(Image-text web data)
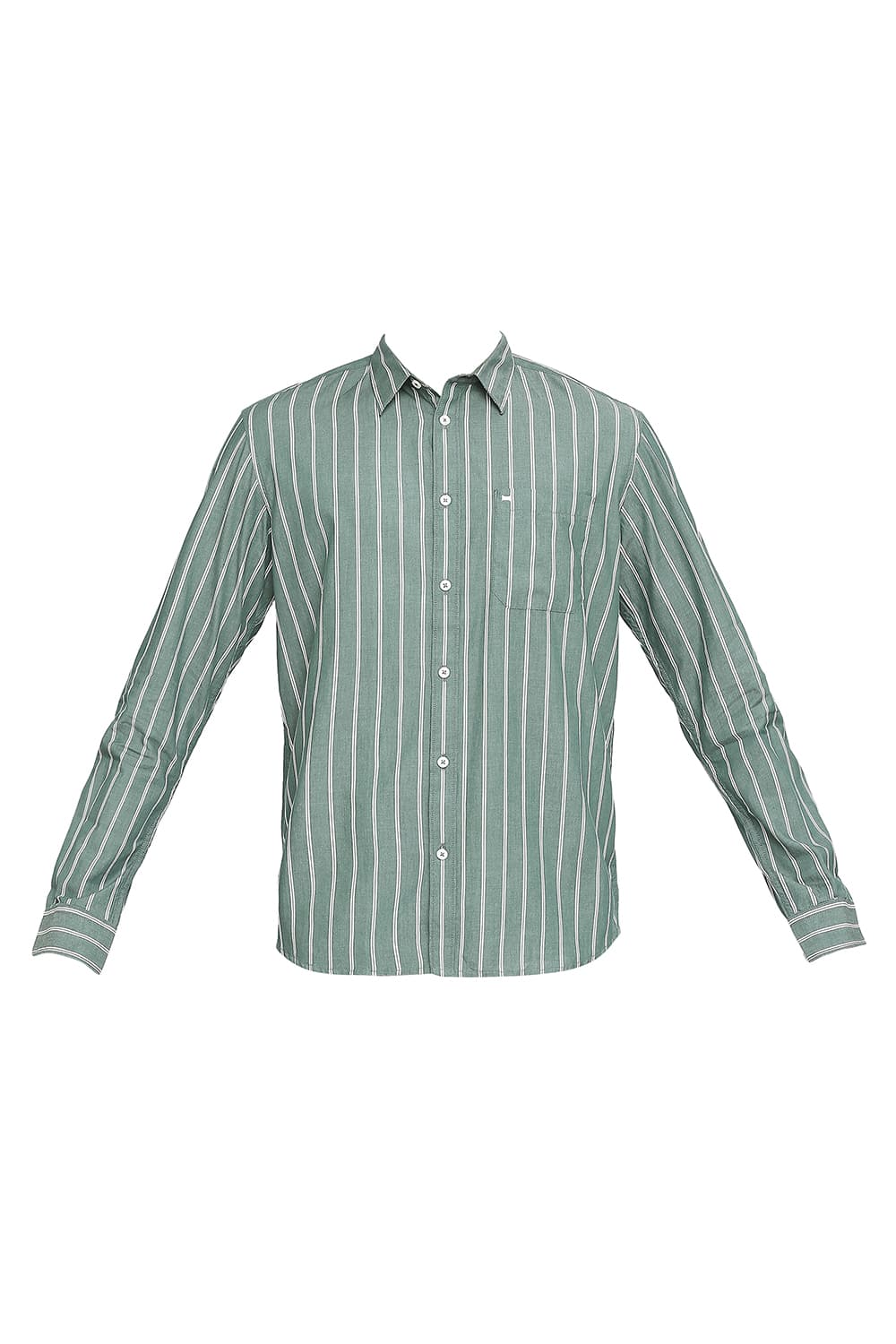 BASICS SLIM FIT COTTON CAVALRY TWILL STRIPE SHIRT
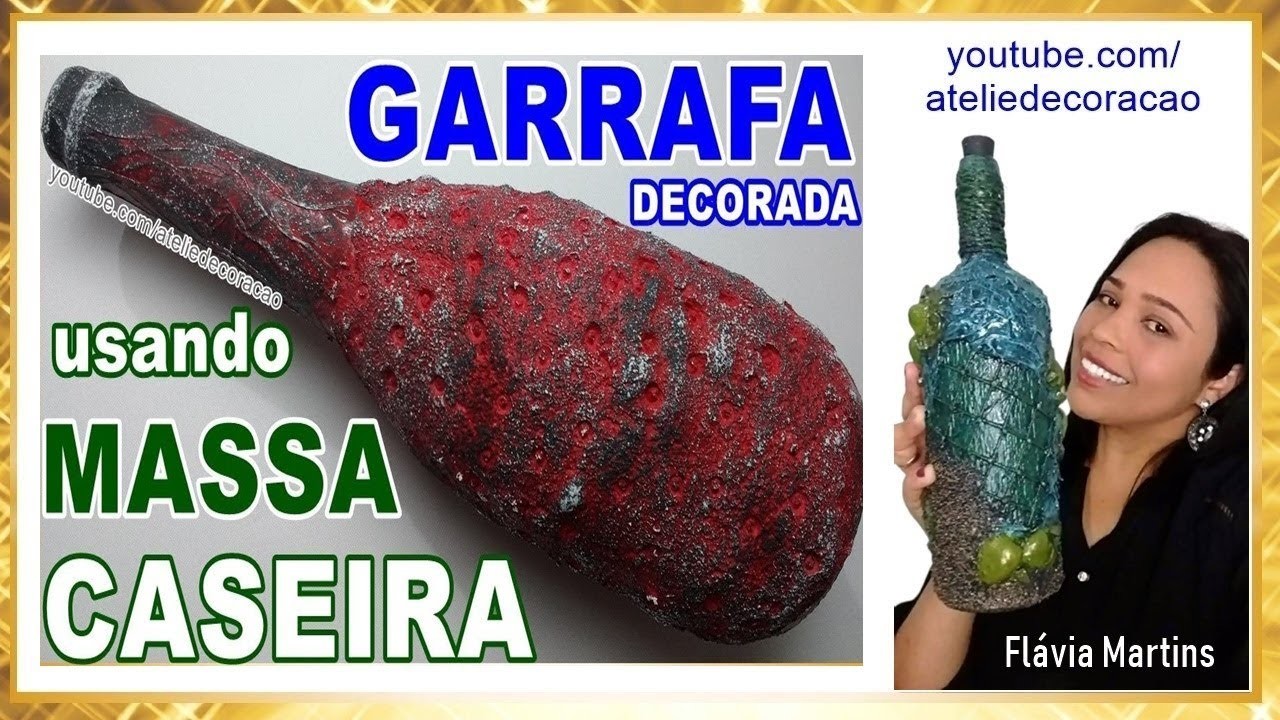 GARRAFA DECORADA COM MASSA CASEIRA - Flávia Martins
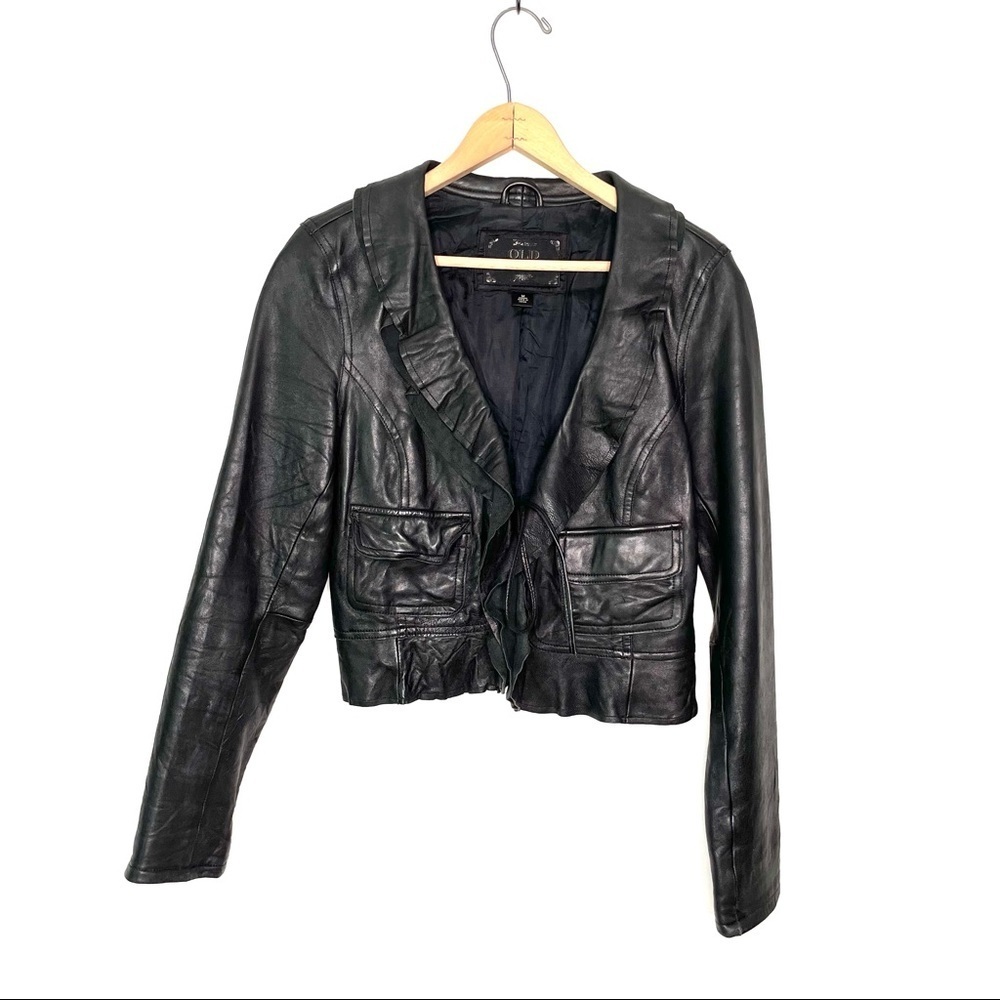 Old Navy | Black Front Ruffle Leather Crop Jacket Size Medium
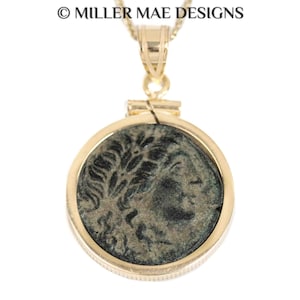 APOLLO (261-246 B.C.) Ancient Greek Coin Pendant Necklace | 14k Gold Real Ancient Roman Bronze Coin Necklace | Sun God Coin Pendant Necklace
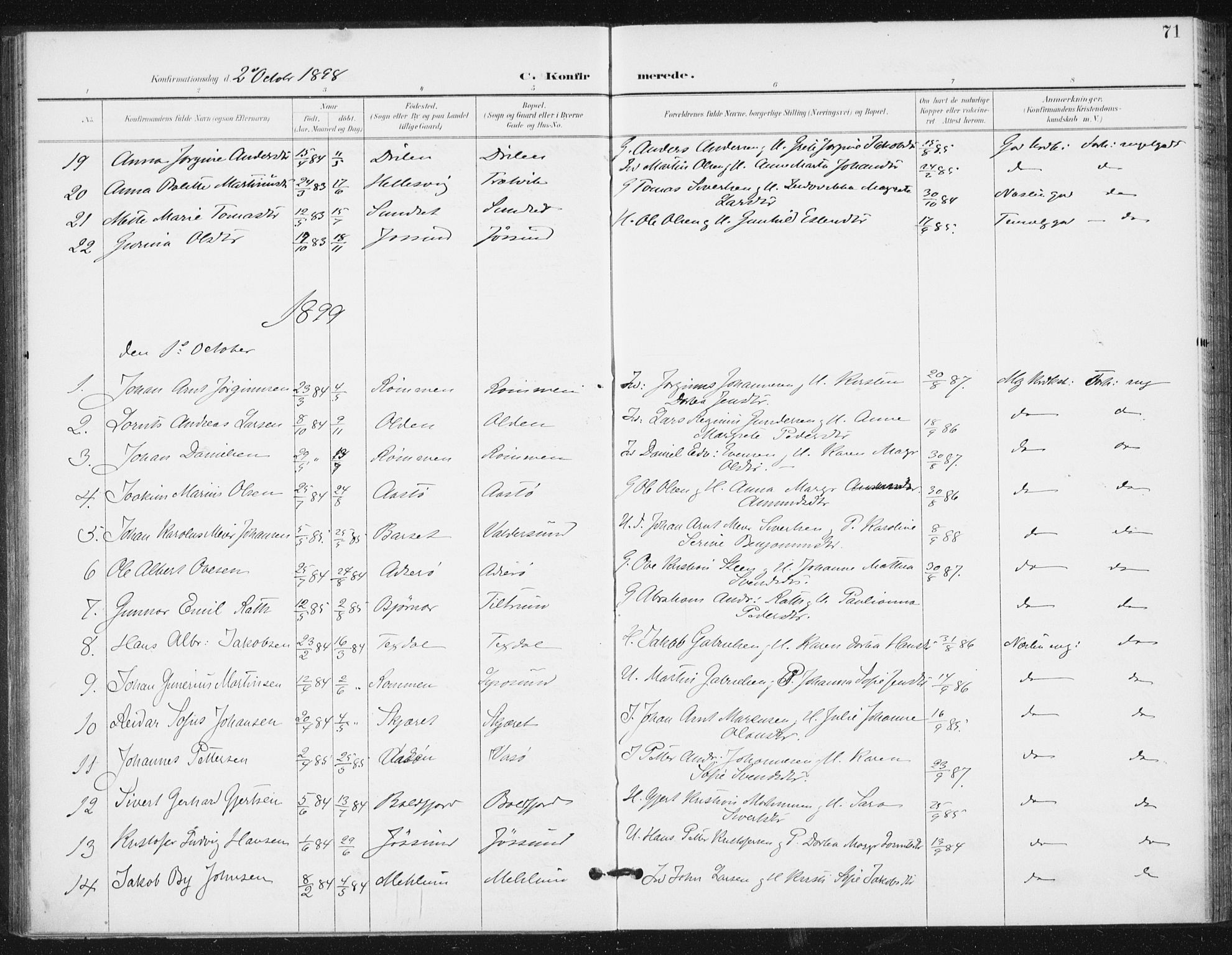 Ministerialprotokoller, klokkerbøker og fødselsregistre - Sør-Trøndelag, AV/SAT-A-1456/654/L0664: Ministerialbok nr. 654A02, 1895-1907, s. 71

Work order: The expected output is an exact retyping of the lines from the line with "APOLLO (261-246 B.C.)" through the last line of the data, with both ends kept and the pictures dropped.

Answer section:
 APOLLO (261-246 B.C.) Ancient Greek Coin Pendant Necklace | 14k Gold Real Ancient Roman Bronze Coin Necklace | Sun God Coin Pendant Necklace
 Ministerialprotokoller, klokkerbøker og fødselsregistre - Sør-Trøndelag, AV/SAT-A-1456/654/L0664: Ministerialbok nr. 654A02, 1895-1907, s. 71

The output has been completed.